Wassernotstand in China

In den Großstädten im Norden Chinas wird das Wasser immer knapper. Weil jedes Jahr Millionen Chinesen vom Land in die Stadt ziehen und dort immer mehr Wasser verbrauchen, schwinden die Trinkwasserreserven rasant. Die Wasserknappheit bremst mittlerweile auch das wirtschaftliche Wachstum in manchen Regionen Chinas, sagt die Weltbank. Experten warnen vor einem Wassernotstand.

Morgenjournal, 18.5.2013

Wasser für die Reichen

In den reichen Gegenden Pekings ist von Wassermangel nichts zu bemerken. Vor vielen neuen Wohnhauskomplexen wurden großzügige Teiche und Wasserfontänen errichtet. Auch die mehr als 60 Golfplätze in der chinesischen Hauptstadt werden großzügig bewässert. Sie verbrauchen jedes Jahr so viel Grundwasser wie eine Million Einwohner. In den Wasser-Reservoirs sinken die Pegel seit Jahren. Und das immer schneller.

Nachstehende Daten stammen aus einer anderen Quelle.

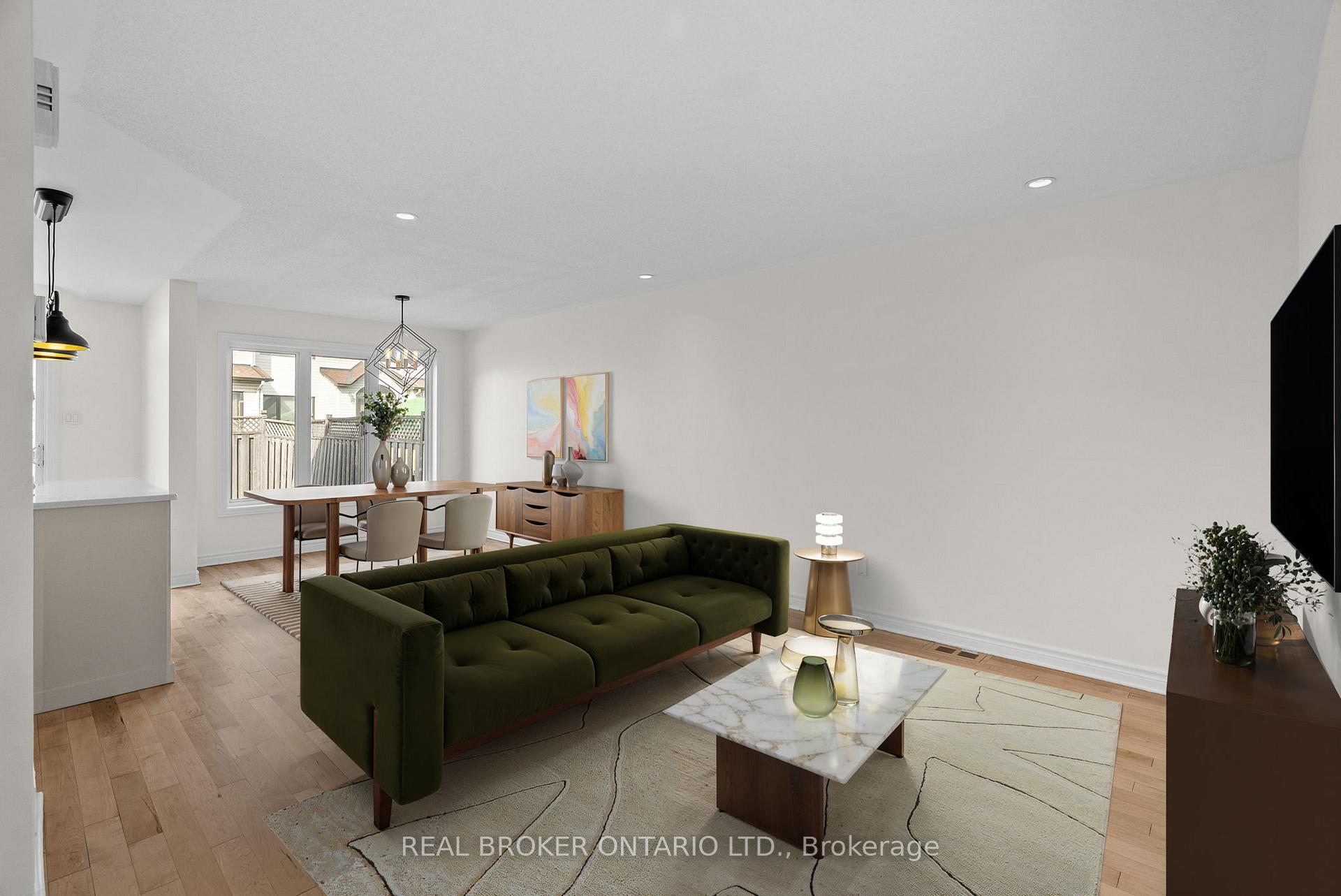 Photo 4 of 200 Garrity Crescent, Ottawa, Barrhaven - Strandherd — HOMEH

Den Bauern im Umland Pekings wird buchstäblich das Wasser abgegraben. Ein Blick auf die Statistik veranschaulicht Chinas Wasserkrise. Im subtropischen Süden des Landes befinden sich gut 80% der nationalen Wasser-Ressourcen. Dort lebt gut die Hälfte der Bevölkerung. 40% der Chinesen leben in trockenen Gebieten des Nordens, die nur über rund 15% des Wassers verfügen. Doch ist Wasserknappheit nicht das einzige Problem. 40% des Wassers in den großen Flüssen ist so stark verunreinigt, dass Menschen damit nicht in Kontakt treten sollten hat die chinesische Akademie der Wissenschaften jüngst errechnet. Und auch das in Bau befindliche gigantische Wasserumleitungsprojekt, bei dem über hunderte Kilometer lange Kanäle, künstliche Teiche und Tunnel Wasser aus dem Jangtse nach Norden gepumpt werden soll, wird das Problem kaum lösen. Umweltexperten wie Ma Tianjie von Greenpeace in Peking fürchten, dass dieses Wasser nicht die nötige Qualität hat, um die Trinkwasserknappheit im Norden Chinas zu lösen:

„Das aus dem Süden umgeleitete Wasser könnte zu einem hohen Grad verschmutzt sein. Es kommt aus Regionen, die wirtschaftlich schlecht entwickelt sind, mit vielen alten Industrien. Wir vermuten, dass sich darin Schwermetale befinden und das Wasser deshalb von geringer Qualität ist.“
Die Wasserknappheit ist jedenfalls eines der größten Probleme, das die soziale und wirtschaftliche Entwicklung im Norden Chinas hemmt heißt es aus der Weltbank. Demnach kosten die Folgen des Wassermangels dem Land gut 2 Prozent der jährlichen Wirtschaftsleistung. Für die rasant wachsenden Städte wird es immer schwieriger die Versorgung mit genügend Trinkwasser zu gewährleisten. Allein in Peking sind im vergangenen Jahrzehnt im Durchschnitt mehr als 600.000 Menschen pro Jahr zugezogen. Bis 2030 werden in ganz China mindestens 30 Millionen vom Land in die Städte ziehen. Viele dieser Ballungsräume befinden sich in den Trockengürteln Nordchinas. Dazu kommt, dass die Menschen jetzt die Früchte des wirtschaftlichen Aufstiegs ernten wollen, dass sie eben auch wasserintensiv produzierte Lebensmittel konsumieren wollen. Und dass Wassersparen in China derzeit nicht in Mode ist. Dafür sind die saftig-grünen Golfplätze im sonst recht staubigen Peking ein eindeutiger Beleg.